16. Il est possible de réaliser des progrès, mais seulement si les deux parties s'engagent résolument, par leurs actes comme dans leurs paroles, à mettre en oeuvre le plan de règlement. Autrement, le maintien de la présence de la MINURSO sera de plus en plus remis en cause. En effet, maintenir la composante militaire à son niveau actuel revient cher, le gros des dépenses de la MINURSO étant occasionnées par la nécessité d'entretenir et d'appuyer les observateurs militaires de façon à leur permettre d'opérer dans les différents sites. En outre, en l'absence de progrès sur la voie d'une solution politique dans le sens indiqué dans le plan de règlement, la présence d'observateurs militaires ne saurait à elle seule empêcher les hostilités. D'autre part, le retrait des observateurs militaires risque de compromettre le maintien du cessez-le-feu et de faire peser une sérieuse menace sur la stabilité régionale. Aussi est-il essentiel à mon avis de tout faire pour relancer le processus politique et de déterminer les moyens, y compris la possibilité de nouvelles initiatives, qui permettent de sortir le plan de règlement de l'impasse dans laquelle il se trouve.

17. C'est pourquoi je me suis penché sur les questions ci-après:

a) Le plan de règlement peut-il être mis en oeuvre sous sa forme actuelle?

b) Dans le cas contraire, y a-t-il des aménagements acceptables pour les deux parties, qui pourraient en rendre l'exécution possible?

c) Autrement, existe-t-il d'autres moyens par lesquels la communauté internationale pourrait aider les parties à résoudre le conflit qui les oppose?

Je compte approfondir l'examen de ces question au cours des semaines qui viennent de façon à présenter des conclusions au Conseil avant l'expiration, le 31 mai 1997, du mandat en cours de la MINURSO.

18. Dans l'intervalle, j'envisage de réduire encore les effectifs de la MINURSO, dont le coût a déjà baissé de 40 %, passant de quelque 4 millions de dollars à 2,6 millions de dollars environ par mois. Les effectifs civils ont pu être réduits grâce au non-remplacement du personnel partant et du personnel détaché. Le retrait de la composante de police civile permettra aussi, s'il est accompagné d'autres réductions ailleurs, de réduire davantage le personnel administratif civil. J'entends continuer de suivre la situation de très près et informer le Conseil de tout développement.

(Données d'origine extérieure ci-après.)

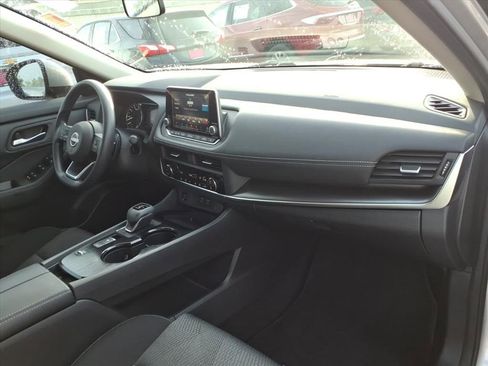 Used 2024 Nissan Rogue SV FWD image 16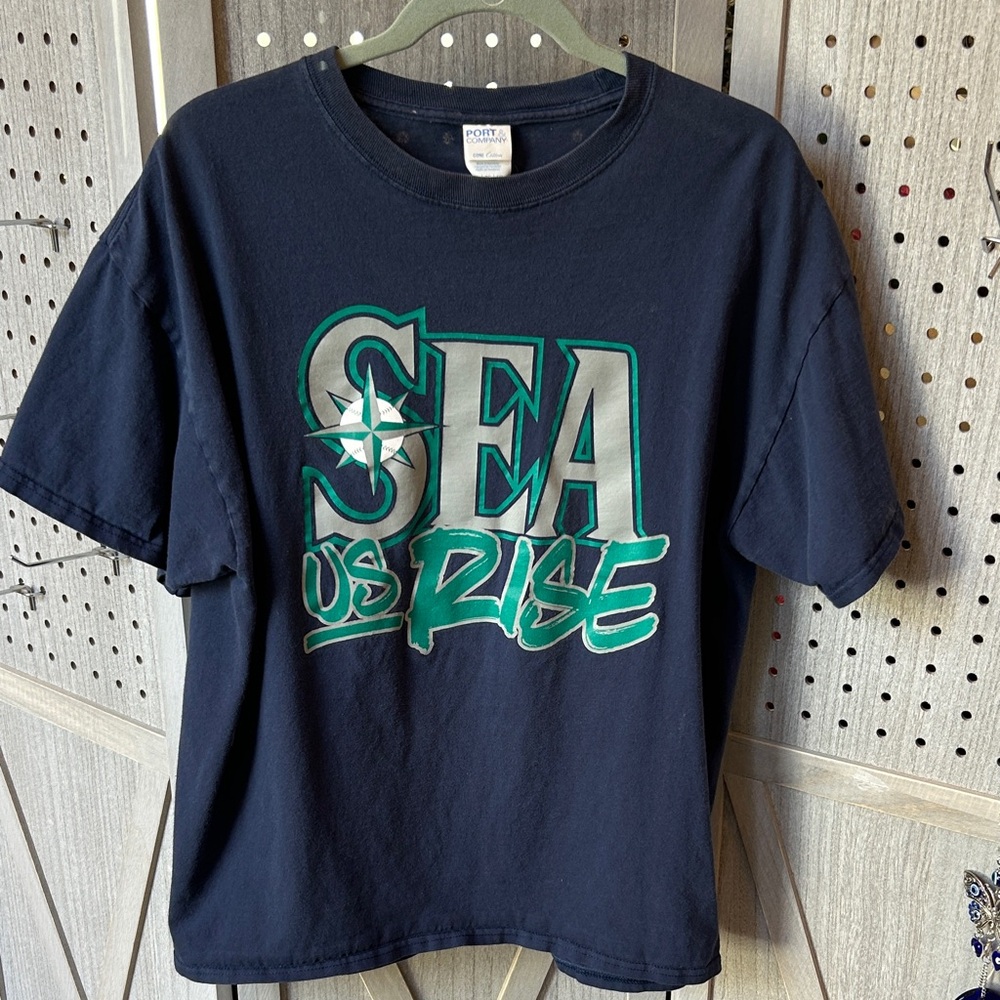 Seattle Mariners Navy Blue Unisex XL T-Shirt with team logo.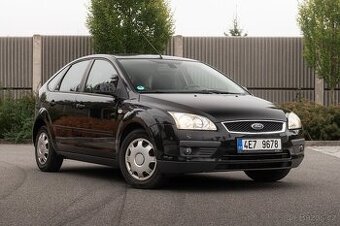 FORD FOCUS Ghia 1.6 85kw NOVÁ STK - 2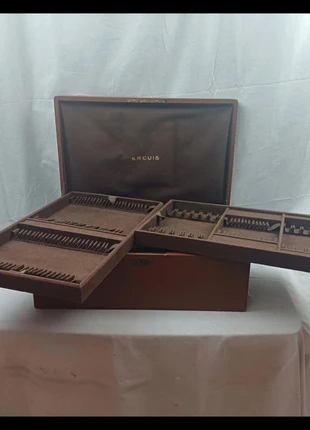 Coffret menagere argentier ecrin vide Ercuis pour menagere 90 pièces tbe, marque: Ercuis, état: Très bon état, 299,99 €, 315,69 € Protection acheteurs (Pro) incluse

19. L'Organisation des Nations Unies ne peut pas contraindre les parties à honorer leurs engagements pour ce qui est de coopérer à l'application du plan de règlement. Sans cette coopération, il sera de plus en plus difficile de justifier les dépenses encourues au-delà du mandat en cours. La communauté internationale ne peut pas continuer à consacrer les rares ressources dont elle dispose au Sahara occidental en l'absence de tout progrès dans la mise en oeuvre du plan, celui-là même que les deux parties ont librement accepté il y a neuf ans. C'est là un moment critique pour la Mission. Je ne puis que formuler l'espoir que les parties ne manqueront pas de se rendre compte des graves conséquences pour l'avenir de la MINURSO.